Rabu, 06 November 2013

Semangat, "Pembalutnya" adalah Kesadaran

Semangat,“Pembalutnya” adalah Kesadaran


Jika kita andaikan, semangat adalah gelombang jiwa yang kuat terus menghantam karang yang merintanginya. Dia terus bergolak dan menerjang tanpa tersentuh dan berkeluh kesah. Dia tidak kenal waktu siang dan malam. Dia terus menerjang dan menerjang. Hidup tentu bergerak maju ke depan. Hidup akan menapaki setiap lembah. Hidup menaiki setiap bukit dan gunung. Hakikatnya hidup tidak mengenal berhenti dan menyerah. Jika kehendak kita memiliki semangat yang kuat untuk mencapai cita-cita dan prestasi, maka semangat tidak akan mudah dapat dipatahkan dan dihentikan. Semangat adalah sumber kekuatan yang tidak terkira kekuatannya. Ia lahir dari kekuatan hidup yang dinamis. Ia adalah anak kehidupan. Ia bagaikan bayangan kita, yang akan terus mengikuti langkah kehidupan. Perlu diketahui bahwa, jika menginginkan semangat memiliki klimaks yang mendamaikan, walaupun dalam keadaan apapun, maka semangat hendaknya dibalut oleh kesadaran. Seperti anak ayam yang selalu dibimbing oleh induknya, seperti sosok Arjuna di medan Kuruksetra yang dibimbing oleh Sri Krshna, maka kesadaran adalah pembimbing semangat. Sehingga semangat tidak akan mudah diambil oleh elang keputusasaan dan kekecewaan. Seperti yang disabdakan oleh Sri Krshna dalam Bhagavad Gita IV.41 dan XVIII.26 berikut.

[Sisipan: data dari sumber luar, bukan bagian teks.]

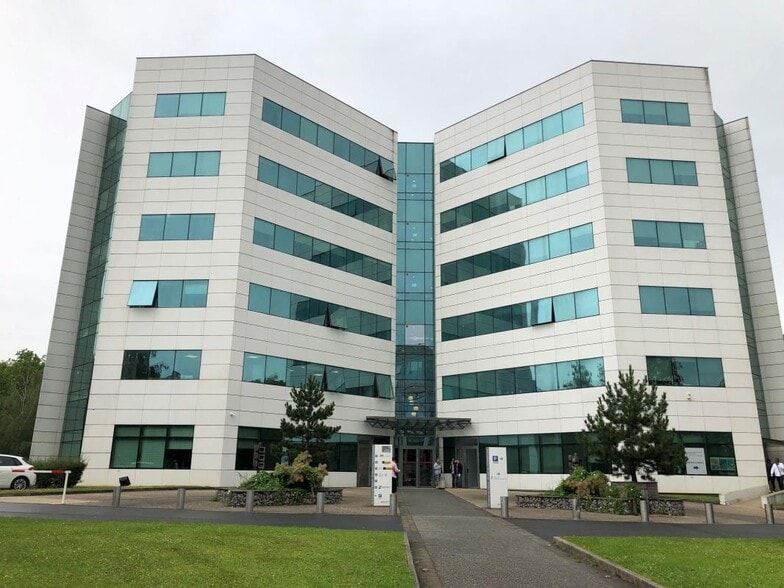 50 Allée Des Impressionnistes, Villepinte to rent - Building Photo - Image 1 of 4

“Yoga sannyasta-karmanam, Jnana-sanchinna-samsayam,
Atmanvantam na karmani, Nibadhnanti dhananjaya.
Mukta-sango ‘naham-vadi, Dhrty-utsaha-samanvitah,
Siddhy-asiddhyor nirvikarah, Karta sattvika ucyate”.

“Orang yang bertindak dalam bhakti, dan melepaskan hasil dari kerjanya, karena keragu-raguannya telah dikendalikan oleh kesadaran, dengan demikian ia tidak akan diikat oleh hasil kerjanya, wahai perebut kekayaan. Orang yang bekerja tanpa dikendalikan oleh hasil kerja, tanpa keakuan, serta tabah, memiliki semangat yang menggebu-gebu, tidak goyah baik dalam sukses maupun gagal, itulah seorang pekerja yang baik”.

Jika kesadaran telah membalut semangat, maka seseorang akan selalu dapat menjaga semangatnya, dan “orang yang bekerja dengan semangat kuat [dengan dasar kesadaran) dan  berbuat  baik tidak mengenal lelah....”  [Rg Veda 1.41.6]. Ia pun akan seperti kobaran api. Betapapun luas dan tajamnya padang ilalang dan lebatnya hutan, ia tetap akan mampu membakarnya. Semangat lidah apinya yang kuat akan menjilat dan memberengus semua yang ada di depannya. Karena semangat yang menyala adalah kedahsyatan yang disemburkan oleh kawah gunung kehidupan. Jika semangat terus bergolak, panas disekeliling kawah pun akan mati. Dan jika lahar dari semangat melimpah keluar, tumbuhan dan hutan yang ada di bawah lereng gunung tidak akan mampu menahannya. Luluh lantak dan lebur. Semangat yang dibalut oleh kesadaran adalah gunung merapi. Di puncaknya, rumput kraraguan, kecewa dan putus asa tidak akan tumbuh dan berarti.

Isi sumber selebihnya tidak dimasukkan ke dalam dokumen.